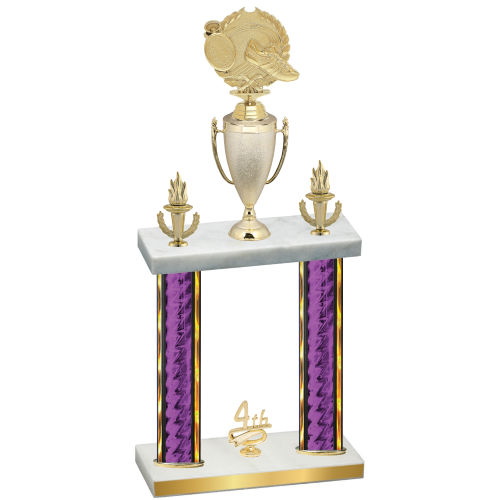 Double Purple Glacier Fourth Place Running Trophy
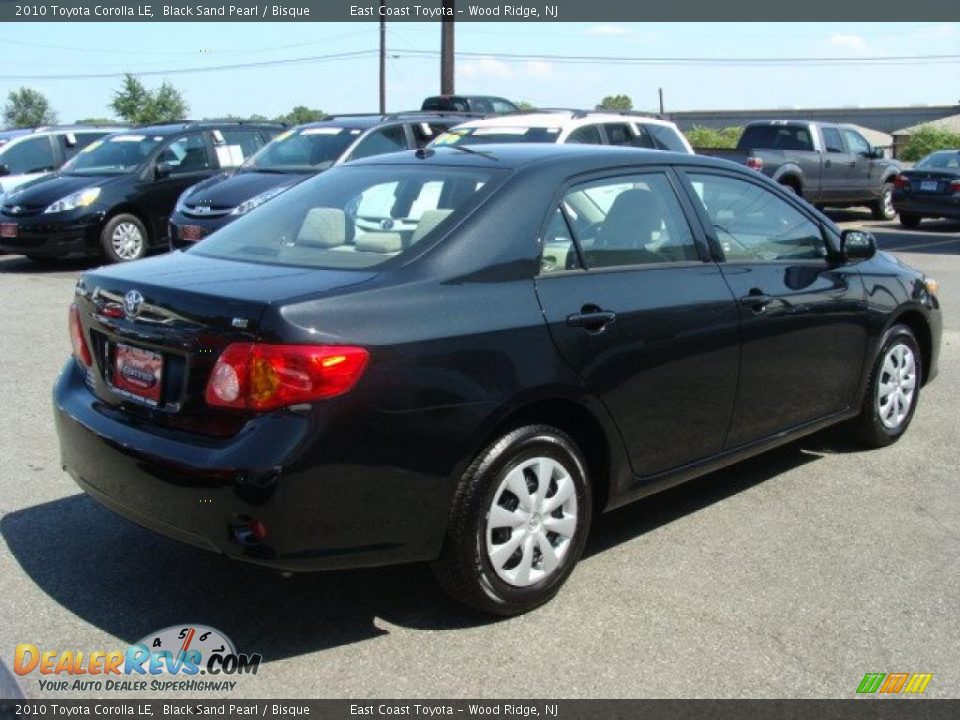 2010 Toyota Corolla LE Black Sand Pearl / Bisque Photo #3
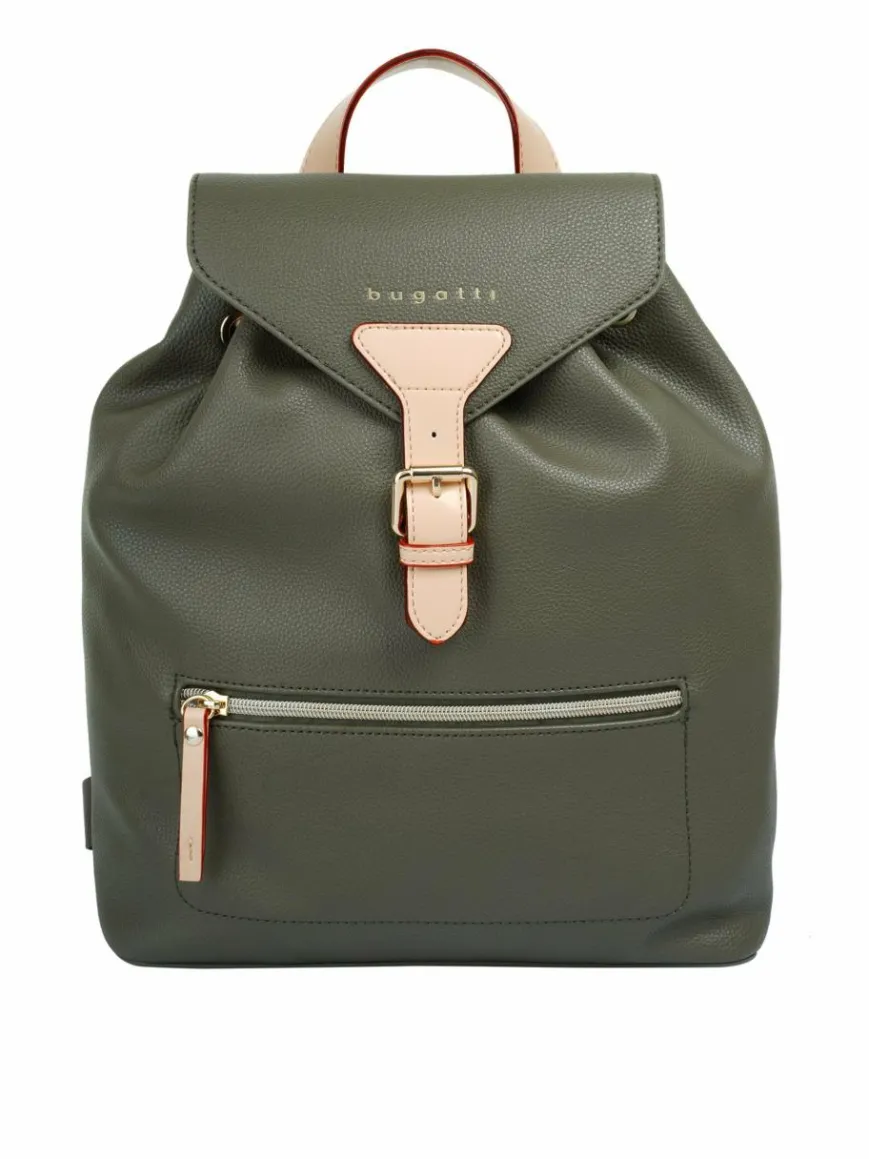 Bugatti Taschen & Rucksäcke*Damen Rucksack grün uni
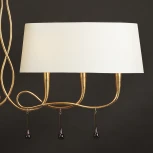 Подвесная люстра Mantra Paola 3541 (220V, на цепи)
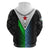 Djibouti Fusion Zip Hoodie Tribal Geometry Meets National Colors and Red Star Boldness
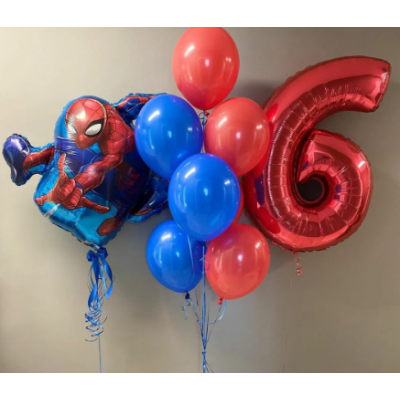 Сет воздушных шаров "Человек паук" 1 Сет воздушных шаров "Человек паук" 1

☆ ☆ ☆

**THE PROBLEM**:
What is needed is an exact transcription of every entry, minus the pictures.

**YOUR SOLUTION**:
 Double Purple Glacier Fourth Place Running Trophy
 2010 Toyota Corolla LE Black Sand Pearl / Bisque Photo #3
 Bugatti Taschen & Rucksäcke*Damen Rucksack grün uni
 Подвесная люстра Mantra Paola 3541 (220V, на цепи)
 Djibouti Fusion Zip Hoodie Tribal Geometry Meets National Colors and Red Star Boldness
 Сет воздушных шаров "Человек паук" 1 Сет воздушных шаров "Человек паук" 1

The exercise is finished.